◆ **Problem to work on**
Restate word for word only the lines running from the one with "KUROMI Chess Series Blind Box" to the end of the data, both ends included. Omit any pictures.

◆ **Data shown**
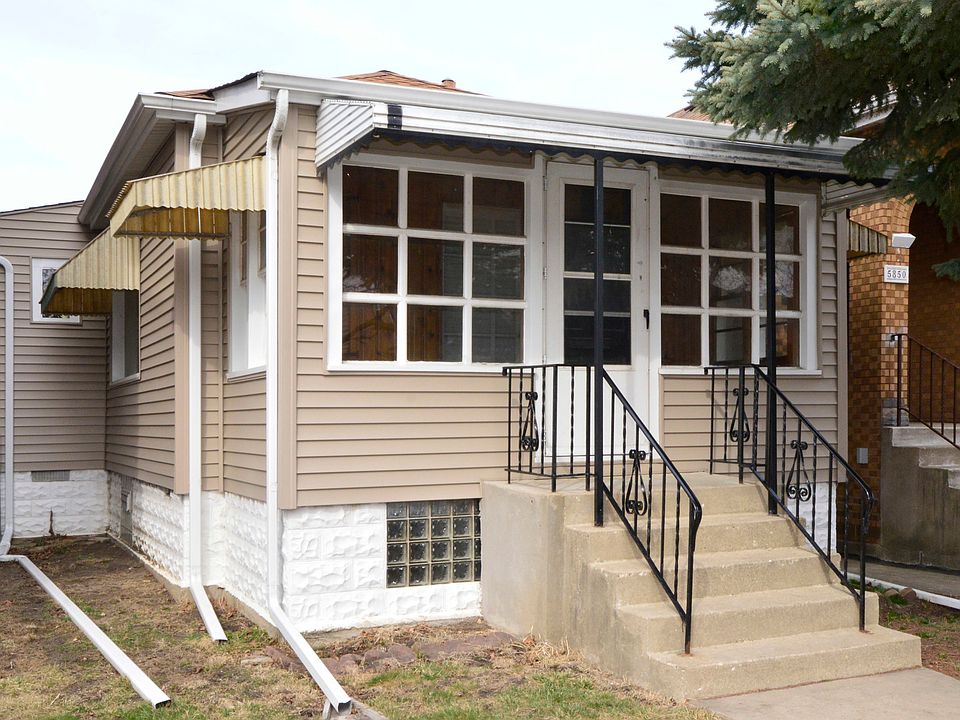 1st image of 5852 W Leland Ave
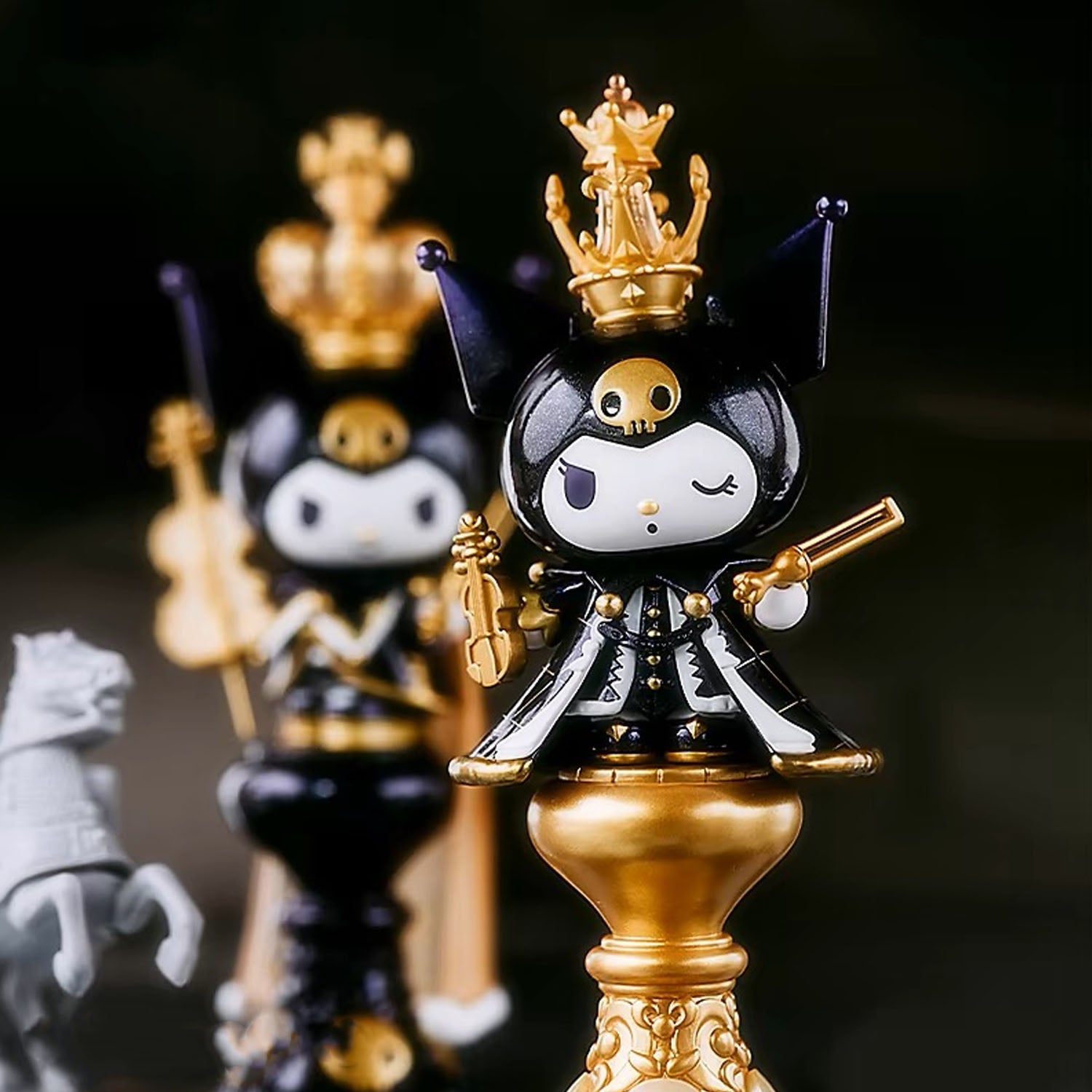 KUROMI Chess Series Blind Box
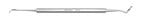 Bracket Seater and Scaler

◆ **Solution to the exercise**
 KUROMI Chess Series Blind Box
 Bracket Seater and Scaler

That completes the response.